Being a 13-year-old boy, Hart Main was eager to get his hands on a $1,500 bicycle. But when trying to come up with the money to buy it, Main began taking an old joke to a new level.
He had been teasing his sister about some scented candles that she had been selling at her school because they smelled feminine. What was to become of the men at the school who wanted nice smells that were more “up their ally?”. His solution: ManCans.
The simple, masculine candles are handmade by a disabled workforce and include scents such as campfire, bacon, sawdust, fresh-cut grass, and grandpa’s pipe. But an interesting twist introduced by Main was to put the candles into old soup cans. He would purchase soup and donate unused food to local soup kitchens.
By 2016, ManCans were being sold in every state, achieving six figures annually in sales and donating a portion of their profit to soup kitchens in Ohio, Pennsylvania, West Virginia, and Michigan. Main later expanded his company with the creation of SheCans, candles that were targeted toward female scents.

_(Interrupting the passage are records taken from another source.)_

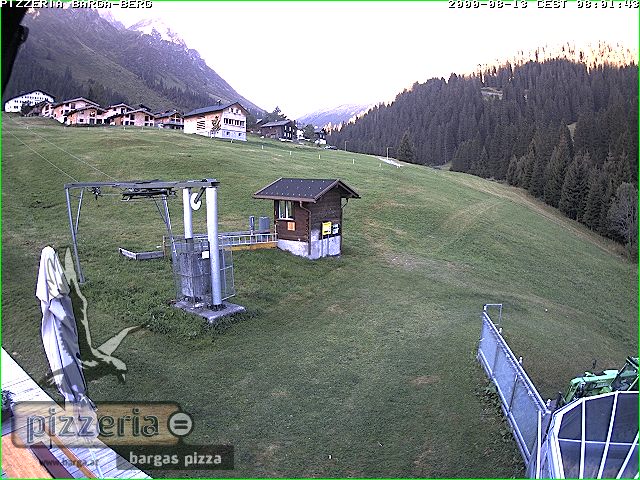Gargellen | Barga Pizzeria - 1.530 m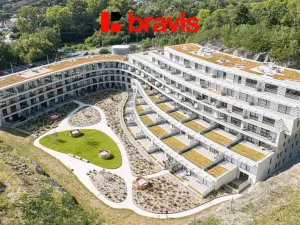Pronájem bytu 2+kk, Brno - Komín, Bystrcká, 57 m2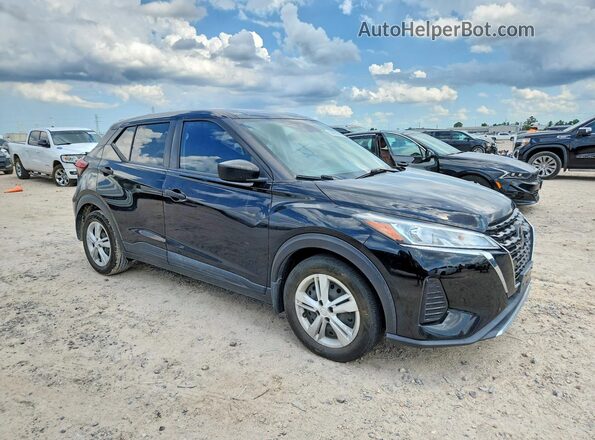 3N1CP5BV6ML528992 2021 NISSAN KICKS Black Przód prawy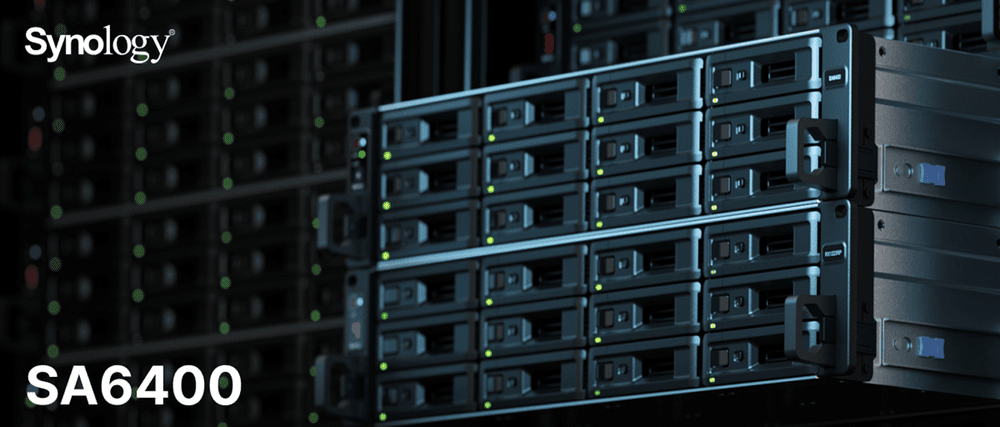 Synology anunţă SA6400, un NAS cu 12 bay-uri dedicat companiilor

Main’s story is inspiring because he could take a product primarily targeted toward one sex and apply it to another. He was able to recognize an ignored market opportunity and discovered how to make the product more appealing to the men who had been neglected. Main was also able to recycle cans that otherwise would have been thrown away. His attention to the packaging of his product helped sell the “masculine” aspect of his company, and it helped the kitchens around him that were in need.